A May Day Tale: Seattle Worker Loves $15 Minimum Wage — Until He Loses His Job
Devin Jeran, an employee at Z Pizza in Seattle, was stoked to get a raise, from $11 to $15 an hour as part of a new law that takes effect today.
He was happy to get a raise, when Seattle’s minimum wage went up to $11 an hour at the beginning of the month.
“I definitely recognize that having more money is important,” he told local TV station Q13-Fox, “especially in a city as expensive as this one.”
But that didn't last long. "Unfortunately, he’ll only enjoy that bigger paycheck for a few more months. In August, his boss is shutting down Z Pizza and putting him and his 11 co-workers out of work," the station reported.
Today, across the country, workers are striking. Some 21,000 AT&T Wireless workers were expected to walk off the job, WZVN reports. And the protests occurred around the world as workers demanded better pay and better working conditions, ABC reported.

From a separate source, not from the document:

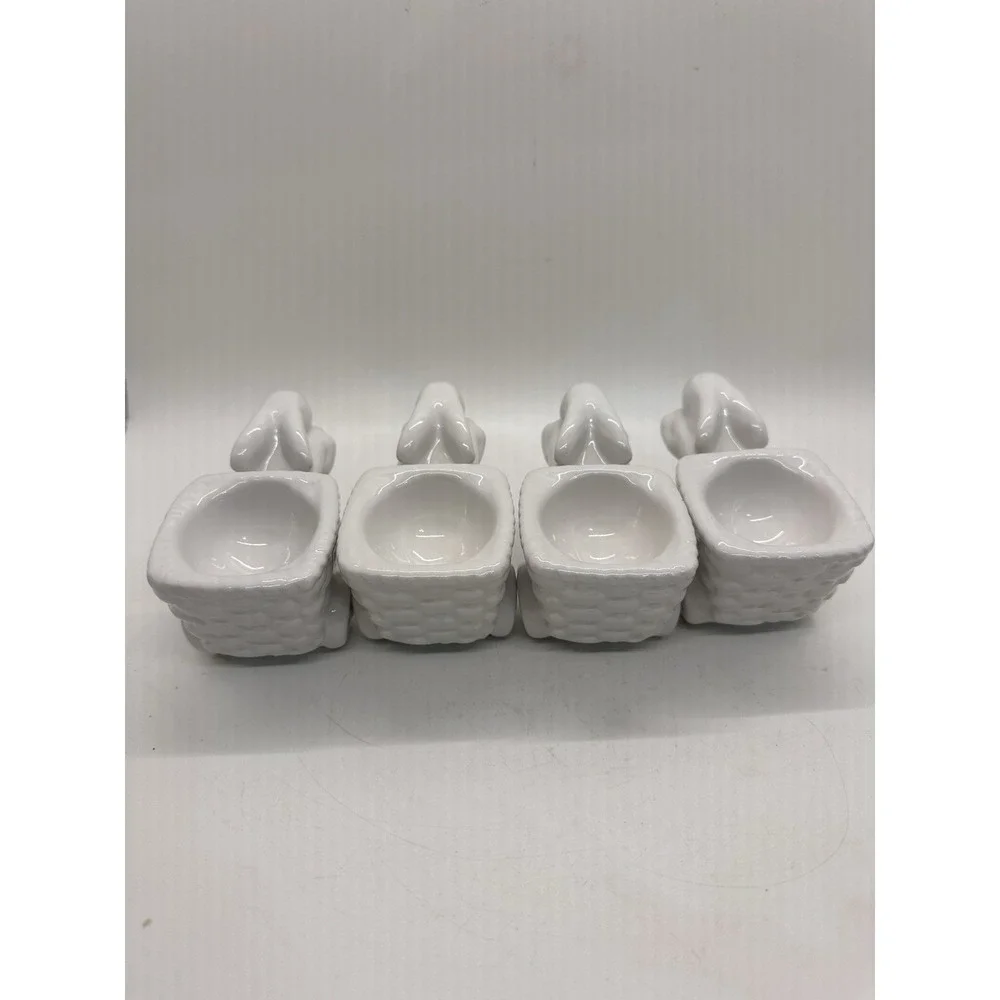 Pottery Barn Bunny Wagon‎ Egg Cups Set 4 White Ceramic Easter Holders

But for Jeran, things are going to get worse, RedAlertPolitics reports.
"[Z Pizza] owner Ritu Shah Burnham said she just can’t afford the city’s mandated wage hikes.
“I’ve let one person go since April 1, I’ve cut hours since April 1, I’ve taken them myself because I don’t pay myself,” she told Q13. “I’ve also raised my prices a little bit, there’s no other way to do it.”
Small businesses in Seattle have up to six more years to phase in the new $15 an hour minimum wage, but even though she only has 12 employees, Z Pizza counts as part of a “large business franchise.” As a result, she is on a sped up timeline to implement the full raise.
“I know that I would have stayed here if I had 7 years, just like everyone else, if I had an even playing field,” she said. “The discrimination I’m feeling right now against my small business makes me not want to stay and do anything in Seattle.”
The organization that pushed for the higher minimum wage, 15 Now Seattle, wouldn’t comment directly on the closing to Q13 and didn’t offer any sign of sympathy.
“Restaurants open and close all the time, for various reasons,” Director Jess Spear said.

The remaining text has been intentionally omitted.